Selbstverwaltete Deutschkurse in der Autonomen Schule Zürich
Abgewiesene Asylwerber, aber auch für Asylsuchende, die noch im Verfahren sind, unterstehen nicht nur einem Arbeitsverbot, für sie gibt es auch keine Möglichkeiten, Deutschkurse zu besuchen. „Wir können nicht erwarten, dass man für uns etwas tut“, sagt ein Sans Papiers, „wir müssen für uns selbst etwas tun.“ Deshalb schlossen sich Asylsuchende und UnterstützerInnen zusammen, um gemeinsam eine Möglichkeit zur Bildung für die Menschen zu schaffen, denen diese Möglichkeit verweigert wird. So wurde in Zürich die Autonome Schule gegründet.

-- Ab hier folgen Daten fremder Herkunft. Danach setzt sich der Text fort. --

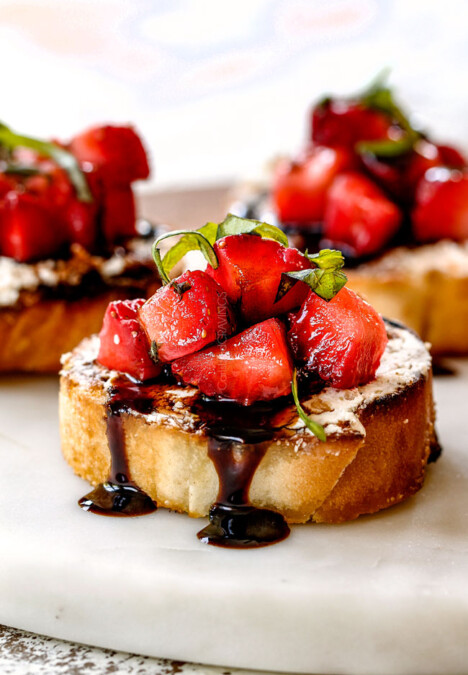 side view of best Strawberry Goat Cheese Bruschetta on a white cutting board with Balsamic Reduction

Begonnen wurde in einem besetzten Bürogebäude. Die Kurse sind kostenlos und die ModeratorInnen, so werden die Lehrenden genannt, leisten ihre Arbeit freiwillig. Unter ihnen befinden sich auch ehemalige Flüchtlinge, die selbst auch die Erfahrung gemacht haben, wie schwierig es ist, die Sprache in einem Land zu lernen, in dem man sich nicht willkommen fühlt. Trotz widriger Umstände sind die Studierenden der Autonomen Schule motiviert und kommen regelmäßig drei Mal in der Woche zu den Kursen.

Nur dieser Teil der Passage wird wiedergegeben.